[Stored dataset items]
------------------------------------------------------------

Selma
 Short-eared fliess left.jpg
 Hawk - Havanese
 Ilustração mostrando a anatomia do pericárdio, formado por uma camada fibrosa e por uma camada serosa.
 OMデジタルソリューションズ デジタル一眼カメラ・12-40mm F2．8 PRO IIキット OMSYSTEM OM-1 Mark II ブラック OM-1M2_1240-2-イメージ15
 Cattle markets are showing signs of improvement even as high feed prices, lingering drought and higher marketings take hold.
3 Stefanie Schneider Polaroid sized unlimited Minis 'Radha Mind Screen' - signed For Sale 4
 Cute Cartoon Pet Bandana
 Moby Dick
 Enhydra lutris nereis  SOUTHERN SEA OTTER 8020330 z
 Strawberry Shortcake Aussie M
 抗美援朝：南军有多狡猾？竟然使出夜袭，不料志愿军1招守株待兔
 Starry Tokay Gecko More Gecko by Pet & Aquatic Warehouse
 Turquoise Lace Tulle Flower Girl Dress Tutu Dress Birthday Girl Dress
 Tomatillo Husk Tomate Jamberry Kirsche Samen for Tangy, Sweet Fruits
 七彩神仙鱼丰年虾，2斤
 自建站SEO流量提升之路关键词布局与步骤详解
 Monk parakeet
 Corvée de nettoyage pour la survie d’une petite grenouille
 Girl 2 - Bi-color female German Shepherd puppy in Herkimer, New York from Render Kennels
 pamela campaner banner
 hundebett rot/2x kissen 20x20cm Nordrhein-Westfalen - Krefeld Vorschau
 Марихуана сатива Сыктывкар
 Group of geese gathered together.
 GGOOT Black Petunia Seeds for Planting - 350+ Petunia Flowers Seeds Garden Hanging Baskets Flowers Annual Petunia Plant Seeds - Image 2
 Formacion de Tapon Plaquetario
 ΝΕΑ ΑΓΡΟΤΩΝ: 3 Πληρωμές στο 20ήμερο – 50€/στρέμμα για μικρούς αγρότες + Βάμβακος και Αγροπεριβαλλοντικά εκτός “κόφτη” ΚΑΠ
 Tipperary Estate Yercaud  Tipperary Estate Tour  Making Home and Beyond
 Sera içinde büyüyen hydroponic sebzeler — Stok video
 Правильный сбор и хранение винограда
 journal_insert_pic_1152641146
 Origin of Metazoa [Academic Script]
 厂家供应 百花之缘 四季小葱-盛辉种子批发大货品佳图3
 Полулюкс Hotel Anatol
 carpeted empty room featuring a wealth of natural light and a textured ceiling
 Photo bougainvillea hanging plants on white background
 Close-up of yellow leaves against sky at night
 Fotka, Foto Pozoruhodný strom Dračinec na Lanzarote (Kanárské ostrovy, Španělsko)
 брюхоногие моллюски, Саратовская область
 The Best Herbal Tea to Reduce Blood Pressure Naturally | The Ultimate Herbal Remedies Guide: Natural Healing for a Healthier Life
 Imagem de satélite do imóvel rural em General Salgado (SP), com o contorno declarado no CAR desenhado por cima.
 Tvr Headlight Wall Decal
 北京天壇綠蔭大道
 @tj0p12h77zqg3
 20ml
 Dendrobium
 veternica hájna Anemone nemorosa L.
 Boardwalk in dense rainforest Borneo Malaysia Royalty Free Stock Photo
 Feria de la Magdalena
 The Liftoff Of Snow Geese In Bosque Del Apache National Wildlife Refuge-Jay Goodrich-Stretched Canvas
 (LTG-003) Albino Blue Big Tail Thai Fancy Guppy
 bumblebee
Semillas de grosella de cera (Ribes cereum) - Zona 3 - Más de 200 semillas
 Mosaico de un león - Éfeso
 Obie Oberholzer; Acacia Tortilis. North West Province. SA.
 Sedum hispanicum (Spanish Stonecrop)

------------------------------------------------------------

## TASK OBJECTIVE
Filter by the word "Girl": copy every line of the data that holds it.

## ANSWER FOR THIS EXERCISE
 Turquoise Lace Tulle Flower Girl Dress Tutu Dress Birthday Girl Dress
 Girl 2 - Bi-color female German Shepherd puppy in Herkimer, New York from Render Kennels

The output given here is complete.